## [EXERCISE OBJECTIVE]
Before you return the lines below, strip out any images and keep every word as written.

Start of SOURCE MATERIAL

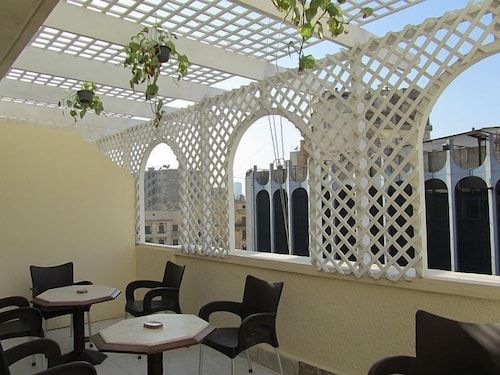 شرفة مرصوفة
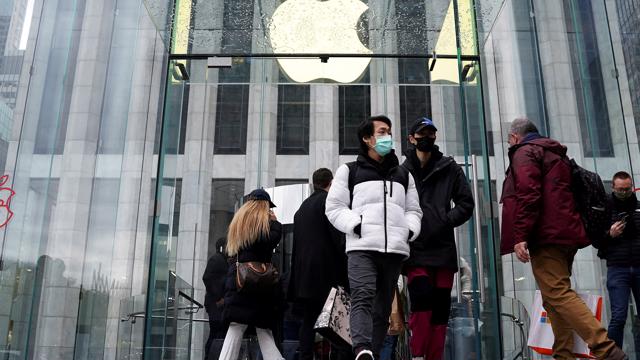 Apple trở thành công ty Mỹ đầu tiên chạm mốc vốn hoá 3 nghìn tỷ USD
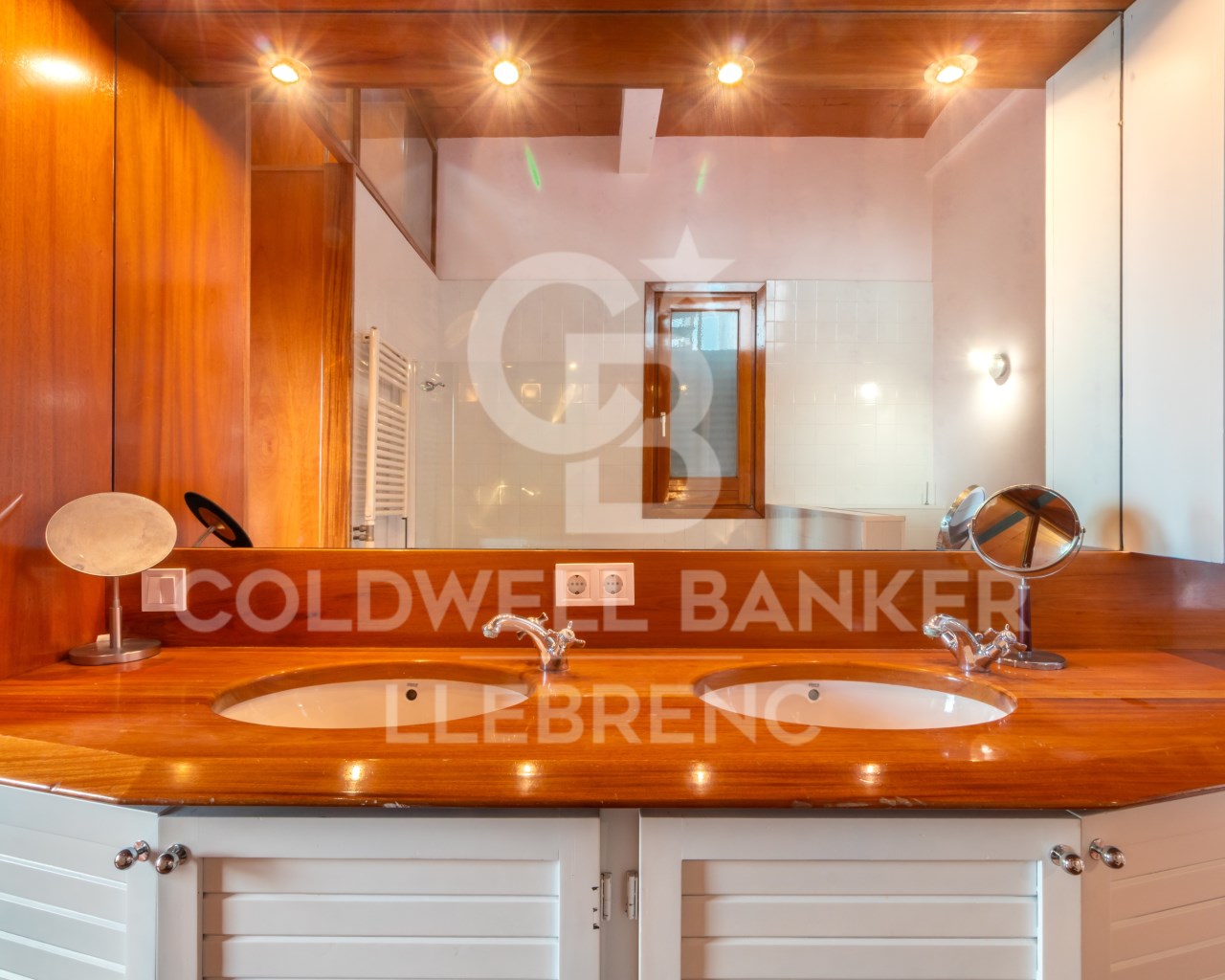 Barcelona, Catalonia, ES, 4 Bedrooms Bedrooms, ,3 BathroomsBathrooms,Residential,For Sale,1827300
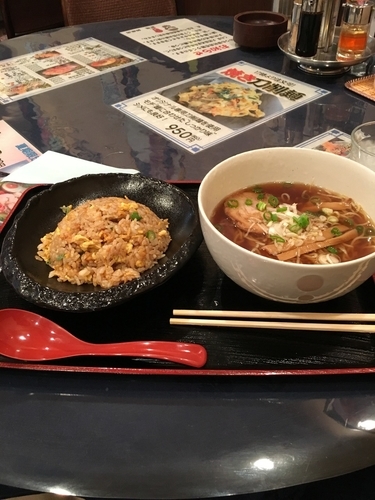 「醤油ラーメンと半チャーハン」@東竜の写真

End of SOURCE MATERIAL

## [ANSWER AREA]
 شرفة مرصوفة
 Apple trở thành công ty Mỹ đầu tiên chạm mốc vốn hoá 3 nghìn tỷ USD
 Barcelona, Catalonia, ES, 4 Bedrooms Bedrooms, ,3 BathroomsBathrooms,Residential,For Sale,1827300
 「醤油ラーメンと半チャーハン」@東竜の写真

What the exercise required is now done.